# New and need some advice



## bobTheBodyBuilder (Dec 3, 2009)

Hey everybody- im a pro bodybuilder so im constintly trying to eat to get huge and muscular. My problim is that my cooking lacks power and accuracy so when I execute a  cooking recipe, it tends to fail miserably. Now Im almost embaressed to admit this but I have this kind of dream of being a real chef in an upscale reseraunt some day- but i cant even cook well, so my first question is where to start and my second question is, would it be possible starting at the age of 32, to eventually become a top scale chef?

Thanks,
Jimmy Dickerman


----------



## Wyogal (Dec 3, 2009)

Check out the "career advice" thread (use the search function), and do you have any schools in your area that offer Culinary Arts, or even basic cooking classes?
Not sure what you mean by lacking accuracy, are you not following recipes?
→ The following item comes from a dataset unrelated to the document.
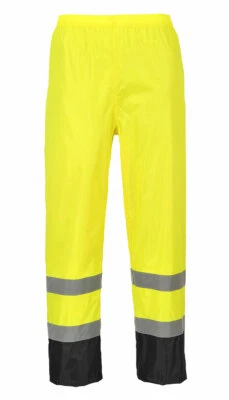 Portwest H444 Lightweight HiVis Reflective Classic Contrast Work Rain Pants ANSI - Image 1 of 2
They are helpful to beginner cooks.  I like to read recipes, then usually do my own thing, don't measure anything unless I am baking.
and, Welcome!


----------



## Michael in FtW (Dec 3, 2009)

Welcome to DC! Here is a link to the Career Advice thread for you.


----------



## jabbur (Dec 3, 2009)

It's never too late to follow your dream.  I'm currently in school for a second career and most of my classmates are my son's age!  If you really want it, you'll find a way to make it happen.  Start with the basics by taking some cooking classes.  Check out your local community college and see what they offer.  Good Luck!


----------



## cookingexp (Dec 4, 2009)

there is no age barrier to get your dreams true. You can definitely try and become a good chef. And failures are always a part of success. Unless and until you fail, you won't realize the importance of success. You just need to practice and get better and better


----------